**What is expected:** Below are the entries. Print only the lines starting at the one with "9420 Tangerine Pl, Davie, FL 33324" and ending at the one with "Jonathan online show", exactly, with no pictures.

**Listed entries:**
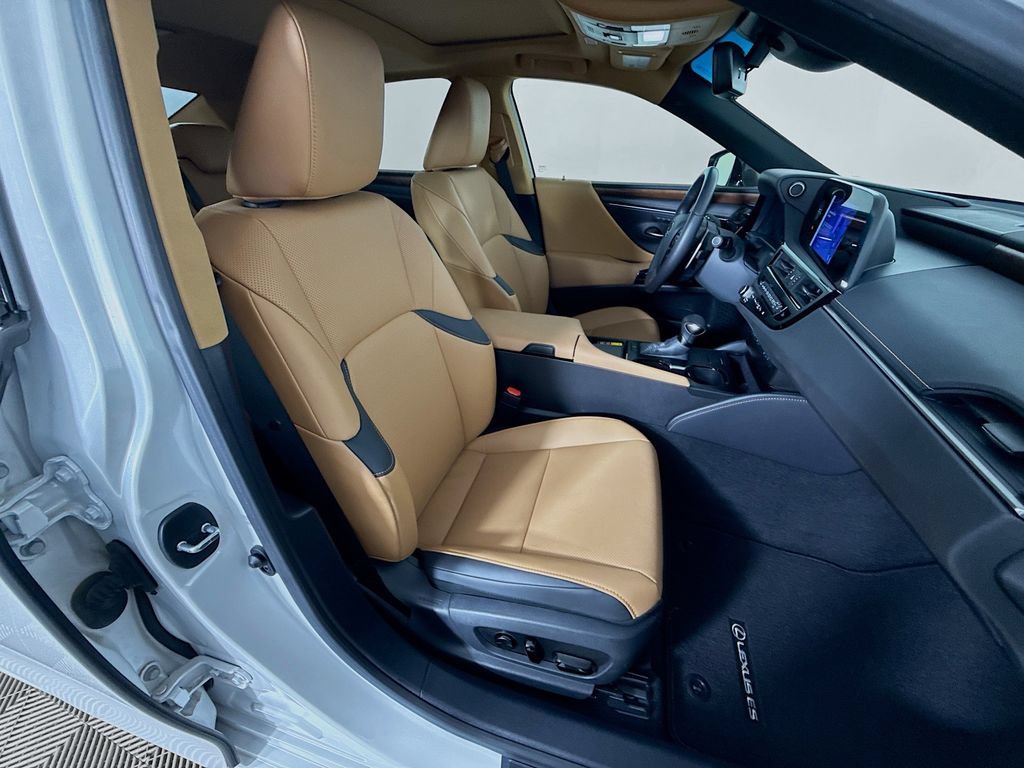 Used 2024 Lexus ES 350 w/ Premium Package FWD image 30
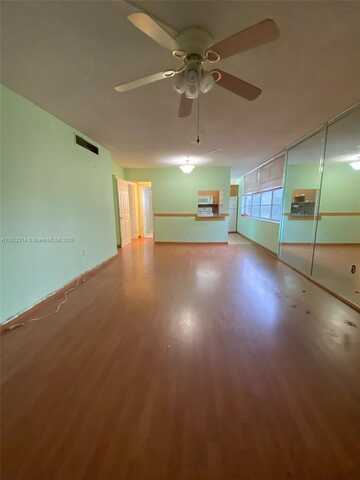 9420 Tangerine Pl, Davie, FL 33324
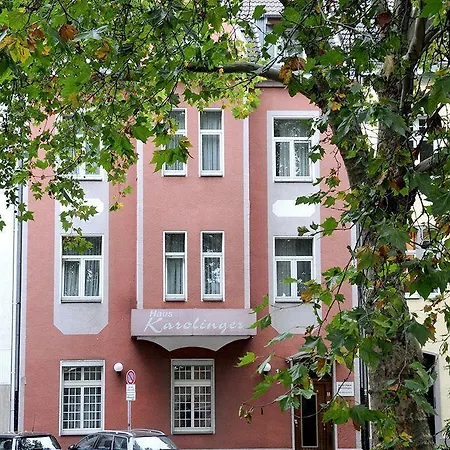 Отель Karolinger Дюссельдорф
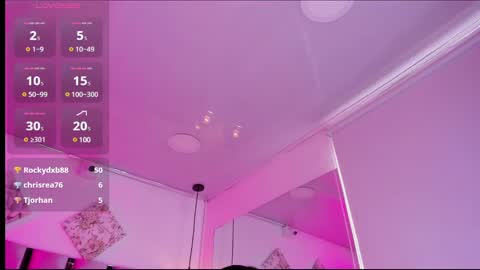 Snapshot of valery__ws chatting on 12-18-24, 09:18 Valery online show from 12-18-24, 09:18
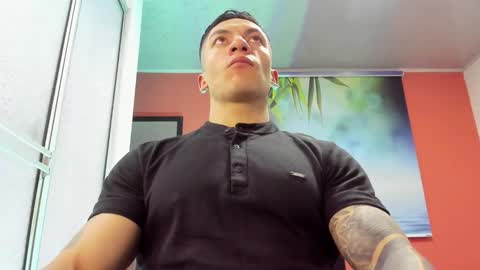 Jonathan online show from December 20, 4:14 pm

--

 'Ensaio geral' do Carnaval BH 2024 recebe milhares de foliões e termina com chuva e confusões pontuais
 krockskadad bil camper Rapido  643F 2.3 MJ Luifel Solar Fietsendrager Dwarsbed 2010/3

* * *

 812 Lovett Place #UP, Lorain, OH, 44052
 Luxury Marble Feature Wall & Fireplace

**Output:**
 9420 Tangerine Pl, Davie, FL 33324
 Отель Karolinger Дюссельдорф
 Snapshot of valery__ws chatting on 12-18-24, 09:18 Valery online show from 12-18-24, 09:18
 Jonathan online show from December 20, 4:14 pm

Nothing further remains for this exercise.